> **AIM OF THE TASK**: Starting at the line that contains "Dîroka Hişmendiyê: Çîroka" and stopping at the line that contains "Fotografie Paul Lange, Hainichen, Amtsgerichtsstrasse, Junger", restate each line of the records below exactly. Omit the pictures.

> **DATA EXTRACT**:
*** Block opens ***

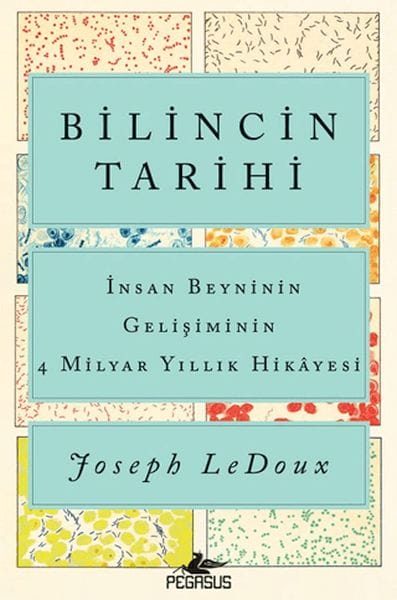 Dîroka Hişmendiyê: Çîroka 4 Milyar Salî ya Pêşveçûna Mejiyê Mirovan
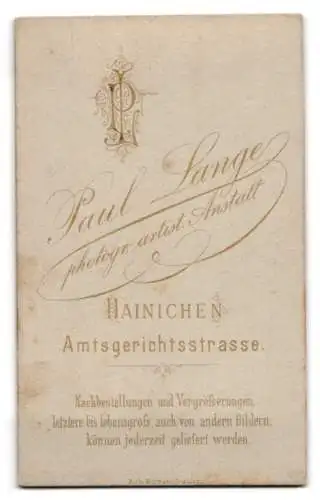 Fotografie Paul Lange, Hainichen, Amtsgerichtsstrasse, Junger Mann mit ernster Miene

*** Block closes ***
*** Block opens ***

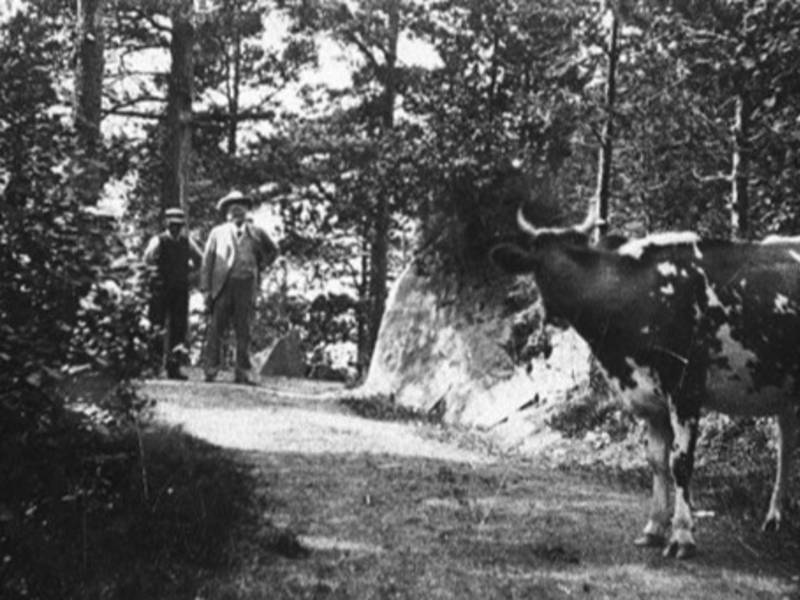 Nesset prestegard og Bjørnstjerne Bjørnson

*** Block closes ***

> **EXERCISE ANSWER**:
 Dîroka Hişmendiyê: Çîroka 4 Milyar Salî ya Pêşveçûna Mejiyê Mirovan
 Fotografie Paul Lange, Hainichen, Amtsgerichtsstrasse, Junger Mann mit ernster Miene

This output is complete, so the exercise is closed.